GIVEN RECORDS:
+++++
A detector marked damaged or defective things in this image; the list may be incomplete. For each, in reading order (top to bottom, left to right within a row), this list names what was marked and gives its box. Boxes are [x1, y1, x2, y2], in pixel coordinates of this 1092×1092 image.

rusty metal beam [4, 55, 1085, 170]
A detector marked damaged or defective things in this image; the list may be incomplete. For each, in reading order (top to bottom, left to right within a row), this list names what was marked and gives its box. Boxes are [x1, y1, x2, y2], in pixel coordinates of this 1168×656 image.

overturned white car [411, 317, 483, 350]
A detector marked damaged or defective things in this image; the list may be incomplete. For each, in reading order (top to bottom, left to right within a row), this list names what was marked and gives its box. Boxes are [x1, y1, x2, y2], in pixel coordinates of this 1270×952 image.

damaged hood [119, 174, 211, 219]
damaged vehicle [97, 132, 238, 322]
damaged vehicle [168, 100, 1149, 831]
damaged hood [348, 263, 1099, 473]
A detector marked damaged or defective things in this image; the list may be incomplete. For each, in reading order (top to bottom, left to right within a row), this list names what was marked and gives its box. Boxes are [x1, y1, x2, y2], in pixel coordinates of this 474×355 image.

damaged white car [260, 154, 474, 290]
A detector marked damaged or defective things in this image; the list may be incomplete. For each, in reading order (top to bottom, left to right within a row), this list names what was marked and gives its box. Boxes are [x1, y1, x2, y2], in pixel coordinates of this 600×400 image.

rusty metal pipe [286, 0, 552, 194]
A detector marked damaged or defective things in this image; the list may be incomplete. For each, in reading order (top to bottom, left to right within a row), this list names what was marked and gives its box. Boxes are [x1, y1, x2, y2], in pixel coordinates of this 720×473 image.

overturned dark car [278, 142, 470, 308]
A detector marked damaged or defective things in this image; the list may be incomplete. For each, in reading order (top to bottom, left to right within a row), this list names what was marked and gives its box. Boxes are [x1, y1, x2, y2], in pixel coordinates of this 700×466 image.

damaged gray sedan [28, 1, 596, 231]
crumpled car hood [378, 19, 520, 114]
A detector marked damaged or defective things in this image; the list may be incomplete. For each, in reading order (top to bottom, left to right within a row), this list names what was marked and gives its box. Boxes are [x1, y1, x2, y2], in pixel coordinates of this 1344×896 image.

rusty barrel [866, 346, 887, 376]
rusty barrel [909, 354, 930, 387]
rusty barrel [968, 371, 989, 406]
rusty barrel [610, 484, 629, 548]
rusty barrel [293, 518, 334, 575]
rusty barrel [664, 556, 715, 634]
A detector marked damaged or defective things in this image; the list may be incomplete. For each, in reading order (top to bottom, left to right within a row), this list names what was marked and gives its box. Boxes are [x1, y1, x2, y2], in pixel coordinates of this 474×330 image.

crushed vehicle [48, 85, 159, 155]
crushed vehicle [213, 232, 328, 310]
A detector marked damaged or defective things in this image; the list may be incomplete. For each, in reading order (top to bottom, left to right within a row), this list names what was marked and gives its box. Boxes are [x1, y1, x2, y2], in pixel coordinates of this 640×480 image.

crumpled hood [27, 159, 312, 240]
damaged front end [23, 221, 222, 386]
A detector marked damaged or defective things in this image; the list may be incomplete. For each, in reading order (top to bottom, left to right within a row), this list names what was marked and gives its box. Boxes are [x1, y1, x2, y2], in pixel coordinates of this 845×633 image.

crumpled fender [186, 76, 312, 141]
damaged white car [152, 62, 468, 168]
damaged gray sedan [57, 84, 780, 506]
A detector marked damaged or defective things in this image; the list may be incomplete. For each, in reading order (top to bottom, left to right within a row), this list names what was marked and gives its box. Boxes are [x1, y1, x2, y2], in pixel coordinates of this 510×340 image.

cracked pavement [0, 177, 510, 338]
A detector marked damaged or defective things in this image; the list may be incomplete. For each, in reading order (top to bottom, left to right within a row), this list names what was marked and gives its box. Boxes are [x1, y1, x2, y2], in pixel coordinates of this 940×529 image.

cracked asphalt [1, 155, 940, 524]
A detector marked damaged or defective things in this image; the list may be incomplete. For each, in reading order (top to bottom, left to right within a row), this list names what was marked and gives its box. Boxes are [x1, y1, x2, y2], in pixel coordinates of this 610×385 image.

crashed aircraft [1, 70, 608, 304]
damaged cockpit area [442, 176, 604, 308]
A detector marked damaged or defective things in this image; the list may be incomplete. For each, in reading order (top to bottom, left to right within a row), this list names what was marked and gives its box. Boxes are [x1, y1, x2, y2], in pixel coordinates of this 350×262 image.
+++++
TASK GOAL: Until the last line is reached, keep transcribing the data exactly.

RESPONSE:
A detector marked damaged or defective things in this image; the list may be incomplete. For each, in reading order (top to bottom, left to right within a row), this list names what was marked and gives its box. Boxes are [x1, y1, x2, y2], in pixel coordinates of this 1092×1092 image.

rusty metal beam [4, 55, 1085, 170]
A detector marked damaged or defective things in this image; the list may be incomplete. For each, in reading order (top to bottom, left to right within a row), this list names what was marked and gives its box. Boxes are [x1, y1, x2, y2], in pixel coordinates of this 1168×656 image.

overturned white car [411, 317, 483, 350]
A detector marked damaged or defective things in this image; the list may be incomplete. For each, in reading order (top to bottom, left to right within a row), this list names what was marked and gives its box. Boxes are [x1, y1, x2, y2], in pixel coordinates of this 1270×952 image.

damaged hood [119, 174, 211, 219]
damaged vehicle [97, 132, 238, 322]
damaged vehicle [168, 100, 1149, 831]
damaged hood [348, 263, 1099, 473]
A detector marked damaged or defective things in this image; the list may be incomplete. For each, in reading order (top to bottom, left to right within a row), this list names what was marked and gives its box. Boxes are [x1, y1, x2, y2], in pixel coordinates of this 474×355 image.

damaged white car [260, 154, 474, 290]
A detector marked damaged or defective things in this image; the list may be incomplete. For each, in reading order (top to bottom, left to right within a row), this list names what was marked and gives its box. Boxes are [x1, y1, x2, y2], in pixel coordinates of this 600×400 image.

rusty metal pipe [286, 0, 552, 194]
A detector marked damaged or defective things in this image; the list may be incomplete. For each, in reading order (top to bottom, left to right within a row), this list names what was marked and gives its box. Boxes are [x1, y1, x2, y2], in pixel coordinates of this 720×473 image.

overturned dark car [278, 142, 470, 308]
A detector marked damaged or defective things in this image; the list may be incomplete. For each, in reading order (top to bottom, left to right within a row), this list names what was marked and gives its box. Boxes are [x1, y1, x2, y2], in pixel coordinates of this 700×466 image.

damaged gray sedan [28, 1, 596, 231]
crumpled car hood [378, 19, 520, 114]
A detector marked damaged or defective things in this image; the list may be incomplete. For each, in reading order (top to bottom, left to right within a row), this list names what was marked and gives its box. Boxes are [x1, y1, x2, y2], in pixel coordinates of this 1344×896 image.

rusty barrel [866, 346, 887, 376]
rusty barrel [909, 354, 930, 387]
rusty barrel [968, 371, 989, 406]
rusty barrel [610, 484, 629, 548]
rusty barrel [293, 518, 334, 575]
rusty barrel [664, 556, 715, 634]
A detector marked damaged or defective things in this image; the list may be incomplete. For each, in reading order (top to bottom, left to right within a row), this list names what was marked and gives its box. Boxes are [x1, y1, x2, y2], in pixel coordinates of this 474×330 image.

crushed vehicle [48, 85, 159, 155]
crushed vehicle [213, 232, 328, 310]
A detector marked damaged or defective things in this image; the list may be incomplete. For each, in reading order (top to bottom, left to right within a row), this list names what was marked and gives its box. Boxes are [x1, y1, x2, y2], in pixel coordinates of this 640×480 image.

crumpled hood [27, 159, 312, 240]
damaged front end [23, 221, 222, 386]
A detector marked damaged or defective things in this image; the list may be incomplete. For each, in reading order (top to bottom, left to right within a row), this list names what was marked and gives its box. Boxes are [x1, y1, x2, y2], in pixel coordinates of this 845×633 image.

crumpled fender [186, 76, 312, 141]
damaged white car [152, 62, 468, 168]
damaged gray sedan [57, 84, 780, 506]
A detector marked damaged or defective things in this image; the list may be incomplete. For each, in reading order (top to bottom, left to right within a row), this list names what was marked and gives its box. Boxes are [x1, y1, x2, y2], in pixel coordinates of this 510×340 image.

cracked pavement [0, 177, 510, 338]
A detector marked damaged or defective things in this image; the list may be incomplete. For each, in reading order (top to bottom, left to right within a row), this list names what was marked and gives its box. Boxes are [x1, y1, x2, y2], in pixel coordinates of this 940×529 image.

cracked asphalt [1, 155, 940, 524]
A detector marked damaged or defective things in this image; the list may be incomplete. For each, in reading order (top to bottom, left to right within a row), this list names what was marked and gives its box. Boxes are [x1, y1, x2, y2], in pixel coordinates of this 610×385 image.

crashed aircraft [1, 70, 608, 304]
damaged cockpit area [442, 176, 604, 308]
A detector marked damaged or defective things in this image; the list may be incomplete. For each, in reading order (top to bottom, left to right within a row), this list names what was marked and gives its box. Boxes are [x1, y1, x2, y2], in pixel coordinates of this 350×262 image.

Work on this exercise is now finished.